* **DIRECTIONS**:
Starting at the line that contains "Pulseira Pingentes Zircônia", write out each line exactly through the last one in the material below, and nothing more; omit all pictures.

* **EXERCISE DATA**:
★ ★ ★ ★ ★
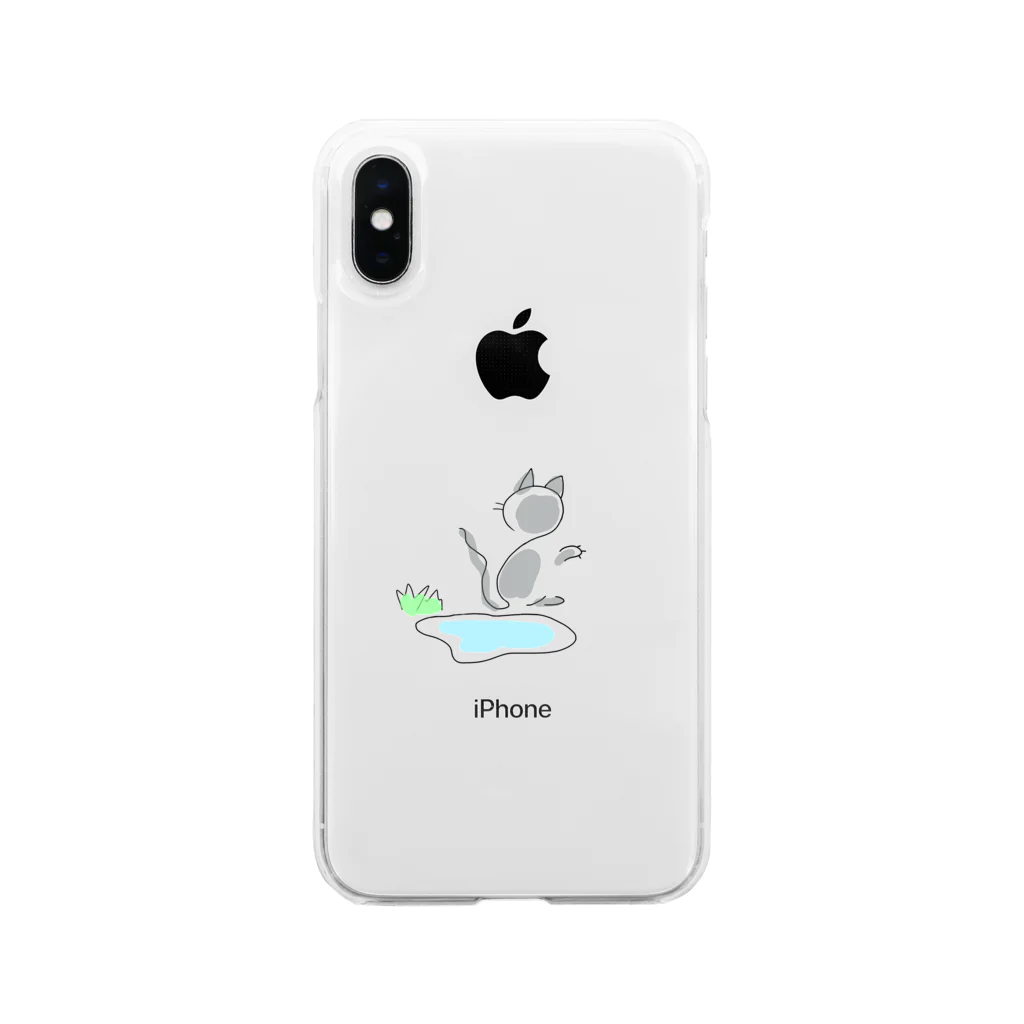 片目くんの猫ぼっち Soft Clear Smartphone Case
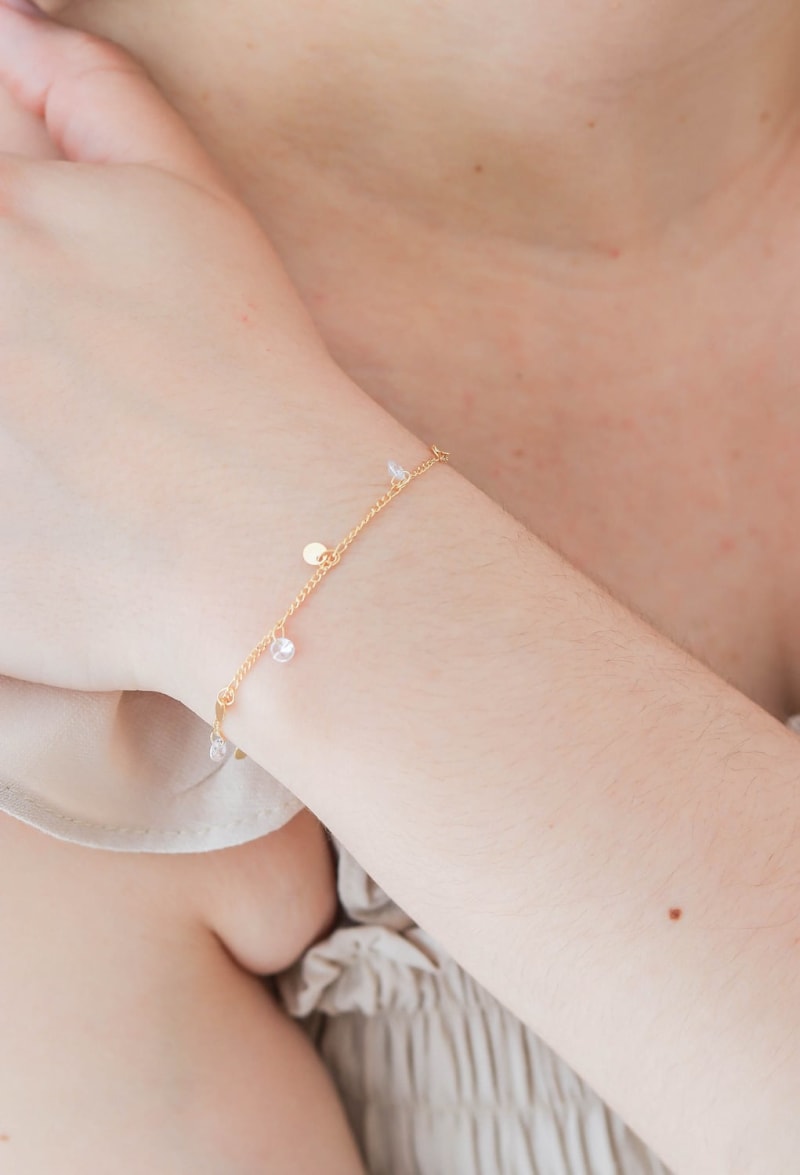 Pulseira Pingentes Zircônia & Círculos banhada a ouro 18k — TK Semijoias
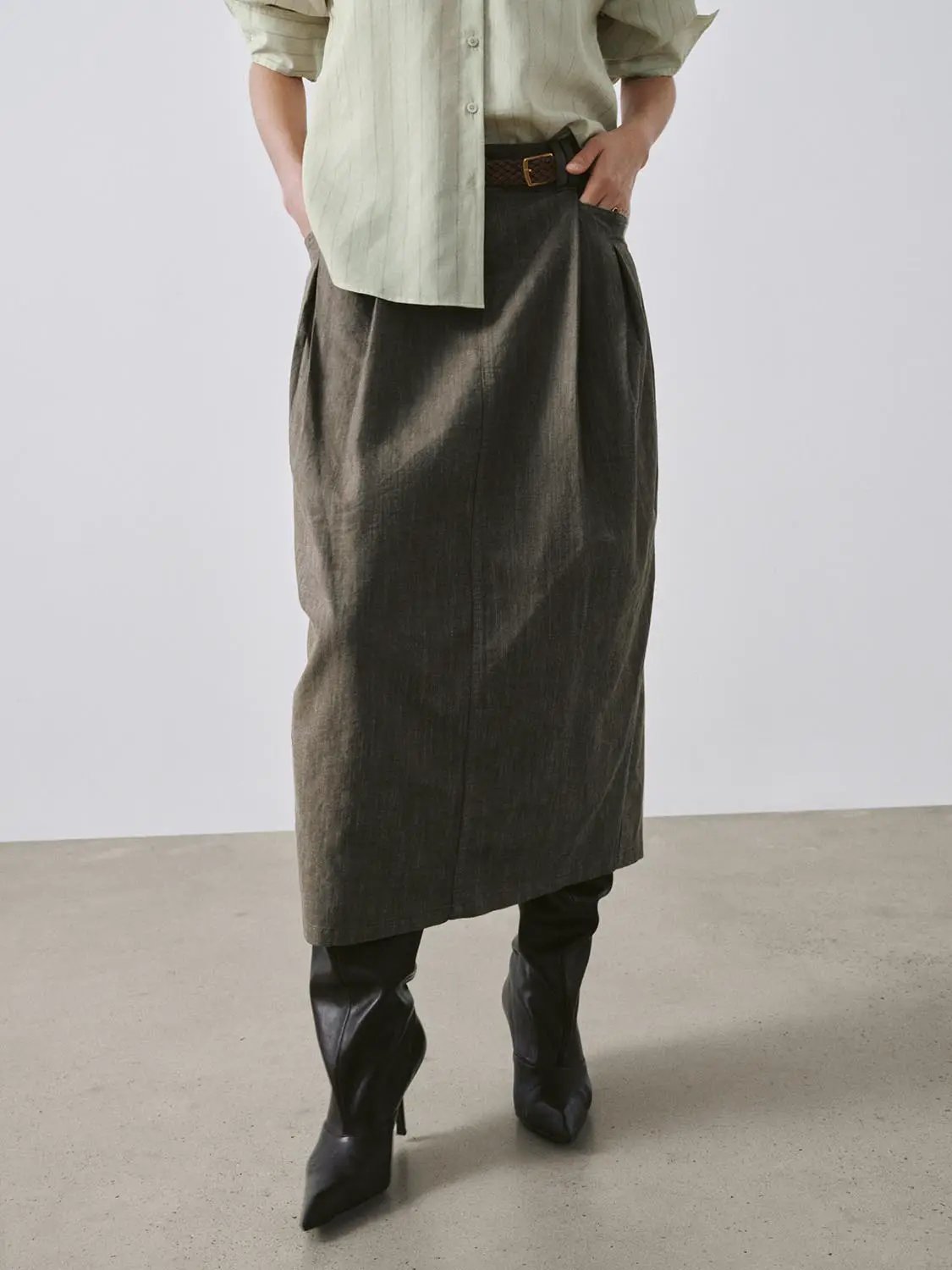 High Waist Pleated Belted Pocket Cotton Balloon Midi Skirt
★ ★ ★ ★ ★
* **SOLUTION BELOW**:
 Pulseira Pingentes Zircônia & Círculos banhada a ouro 18k — TK Semijoias
 High Waist Pleated Belted Pocket Cotton Balloon Midi Skirt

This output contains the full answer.